Ever Vail in perspective: Historical precedent says that there will be no resumption of the town’s desire to continue its community-wide redevelopment initiatives without Vail Resorts first creating the catalyst by beginning their own projects. Once Vail Resorts begins, competitive developers have confidence to also jump into the market with their own projects.
Some say Vail is fortunate to have Vail Resorts, particularly when compared with the difficulties some other major resort companies are confronting. They believe the company’s strategy for Ever Vail is correct because of the nearly decade-long lead time it takes to bring online a project of this magnitude.
It is now apparent that some Vail power players, before giving carte blanche approval to Ever Vail, are looking for an affirmation that the community’s business model is still operative under “new normal” economic conditions.

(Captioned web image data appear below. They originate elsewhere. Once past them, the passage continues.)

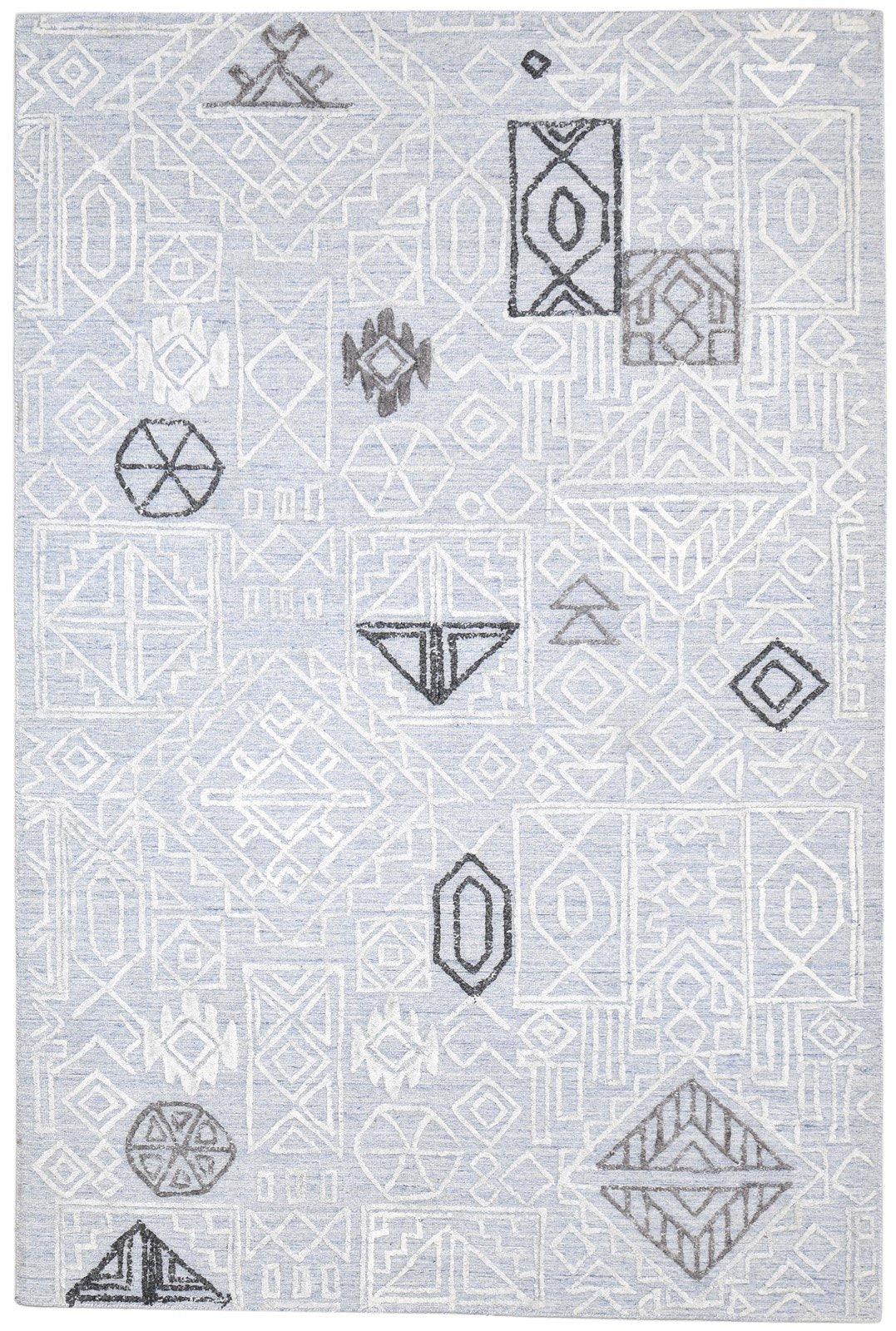 Handloom Grey Polypropylene Rug 5X5 Modern Scandinavian Geometric Room Size Area Rug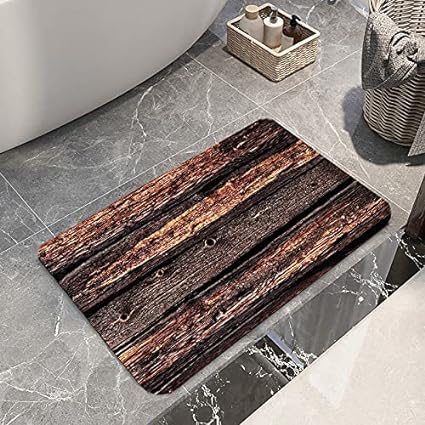 Dark Brown Old Wooden Board Print Memory Foam Bath Rugs and doormats Non Slip Absorbent Super Cozy Flannel Bathroom Rug Carpet 24 x16 inches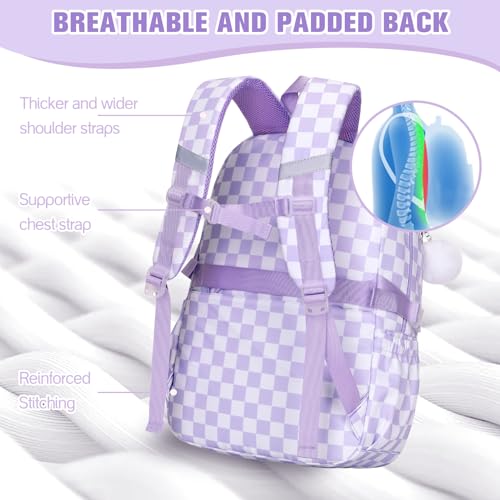 Bevalsa Backpack for Girls 3PCS Teen Girls Backpack for School with Lunch Bag Pencil Case Purple Cute Kids Laptop Backpacks Bookbag for Elementary Middle High School College Student (Checkerboard) - color: Purple Checkerboard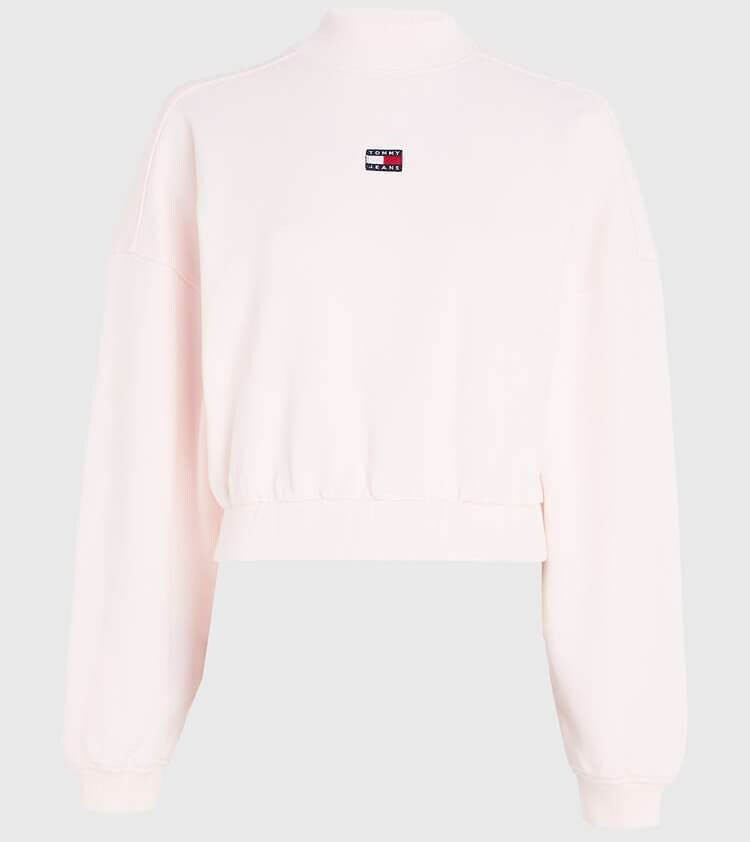

Толстовка Tommy Hilfiger Badge Mockneck Cropped, бледно-розовый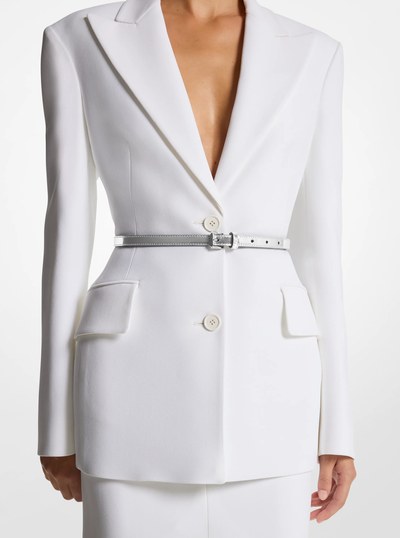 Kate Specchio Leather Belt in SILVER | Michael Kors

There are those who say that with no specific date to begin construction, the town has no assurance that the proposed plan will be appropriate to meet the community’s changing needs.
One perspective wants to revisit the Lionshead Master Plan with an eye to reducing density. Others are looking for unique amenities that will cause all boats to rise. It is difficult to know what the community wants because it has consistently failed to come to a consensus driven agreement about its vision for the future.
Other Ever Vail outstanding issues: There remain several issues that have yet to be resolved.
One of the most vexing is what to do with the existing sewer-treatment plan that is situated in the heart of the project. According to water and sewer district authorities, no acceptable options have been found.
Others say the company should not be held hostage to unreasonable or opportunistic demands by the district.
Still other critics believe that the community needs more diversity, like unique amenities that the community doesn’t already have, which will draw in destination guests. They say that the town has allowed too many large hotel and condominium projects that are clones of each other.
Critics complain that the phasing strategy of development does not deliver affordable housing in tandem with job generators such as hotels and other commercial enterprises.
People may not be listening. The company has a strategy to deliver affordable housing as the project is built. It will be the only urban center in Vail where locals’ housing is integrated throughout the development.